Two broad theories of the spacing effect have been influential. According to encoding variability theory, the degree of match between the context at encoding and the context at retrieval determines the probability of successful retrieval (i.e., context serves as a retrieval cue); increasing the time interval between initial study and review heightens the difference in the contextual elements that are encoded at both instances, and thereby increases the likelihood of the encoded contexts overlapping with the context at the final test, administered after a delay (e.g., Glenberg, 1976). Study-phase retrieval theory provides an alternative account: Final memory performance benefits from restudy to the extent that the second encounter with an item reminds the learner of the previous encounter (i.e., an automatic study-phase retrieval; Thios & D’Agostino, 1976; Wahlheim, Maddox, & Jacoby, 2014); also, the benefit is greater the more effortful that the study-phase retrieval is, which explains the advantage of spacing (Pyc & Rawson, 2009).

The bulk of research on spaced retrieval practice has focused on how the lag between an initial study episode and a single review opportunity affects performance on a later final test (e.g., Cepeda et al., 2009; Landauer & Eldridge, 1967). In many real-world contexts, however, learners have more than one opportunity to review the to-be-remembered material, in which case the relevant question is how these multiple reviews should be distributed over time in order to optimize learning.
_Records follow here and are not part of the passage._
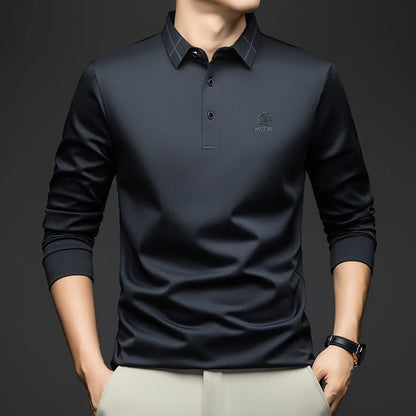 BROWON Polo Shirt for Man 2026 Spring Autumn Men Long Sleeve Polo Shirts Casual Loose Turndown Collar Wool Tops for Man Clothing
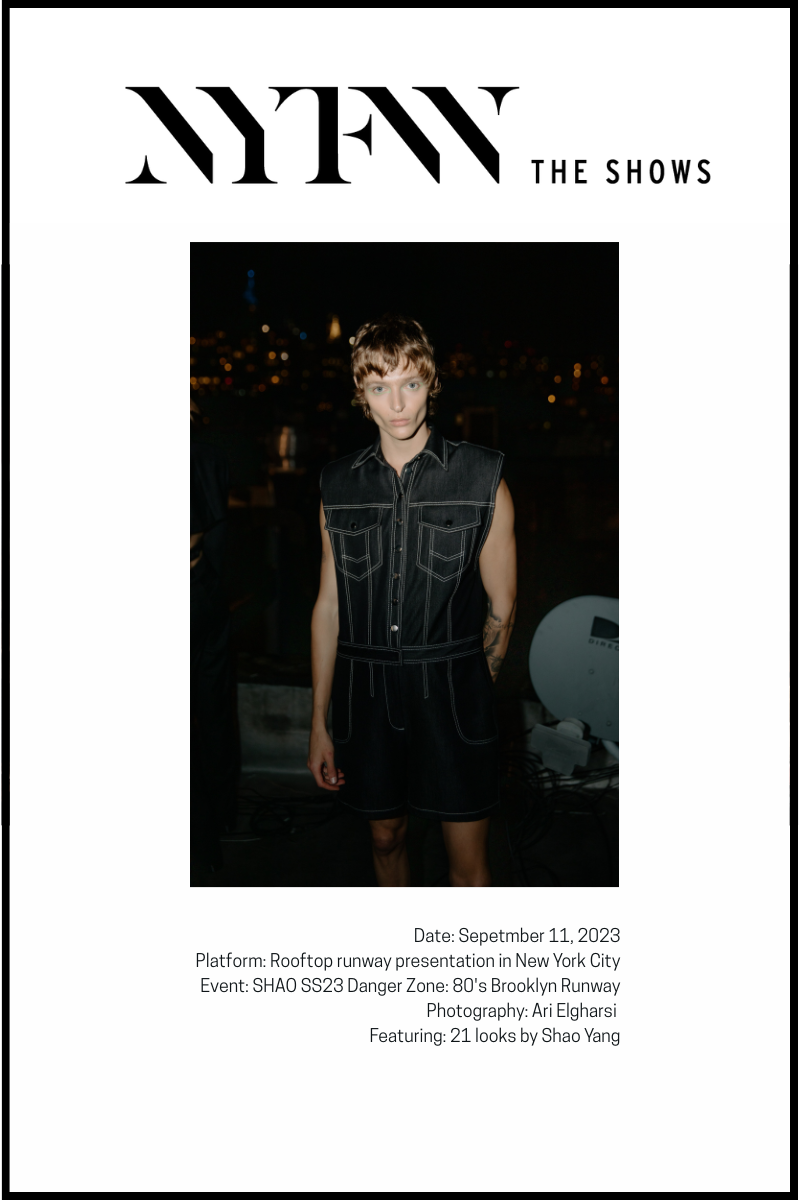 A model showcases Shao Yang’s SS24 collection on a rooftop runway in New York City.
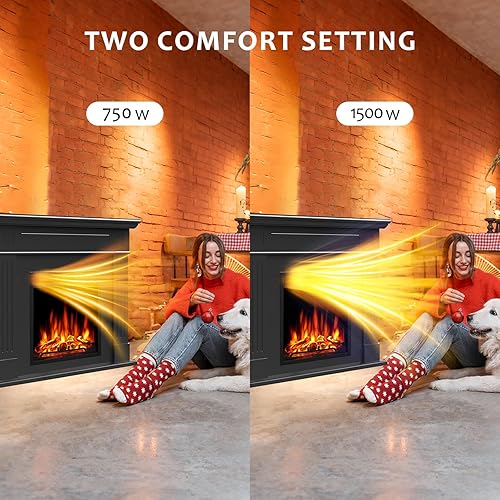 Vista 14 de Xbeauty Chimenea eléctrica de 44 pulgadas con paquete de repisa, calentador de chimenea independiente con tronco y control remoto, 750-1500 W, Negro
Expanding retrieval practice

Landauer and Bjork (1978) were the first to compare the efficacy of various schedules of retrieval practice. In one experiment, their subjects studied first name–last name pairs once, followed by a practice phase in which they made three attempts to retrieve the appropriate last name when cued with a first name (no feedback was provided). In the massed condition, the three retrieval attempts occurred consecutively right after the initial presentation of the pair; in the equal-interval (spaced) condition, the number of intervening items between each retrieval attempt was kept constant; in the expanding condition, the first retrieval attempt occurred soon after the initial presentation, followed by a progressively larger number of intervening items between successive retrieval attempts; in the contracting condition, retrieval was attempted only after a relatively large number of intervening items, followed by fewer and fewer intervening items between successive retrieval attempts. On a final test given shortly after practice, an expanding schedule of practice yielded the highest recall (followed by equal-interval, contracting, and massed practice, respectively). On the basis of these results, Landauer and Bjork argued for the superiority of expanding retrieval as a form of spaced practice. Their explanation was that attempting retrieval soon after initial presentation of the item ensures a high level of success, and since successful retrieval strengthens the learning of the item, subsequent retrieval attempts can be progressively delayed without compromising the level of success, while still maintaining the effectiveness of each subsequent retrieval in strengthening memory for the item (Bjork & Bjork, 1992). The idea of expanding retrieval practice is intuitively appealing (see Leitner, 1972, for a similar proposal with flashcards) and has become influential as a technique for training both normal individuals (e.g., Metzler-Baddeley & Baddeley, 2009) and individuals with cognitive impairments (e.g., Camp, Bird, & Cherry, 2000).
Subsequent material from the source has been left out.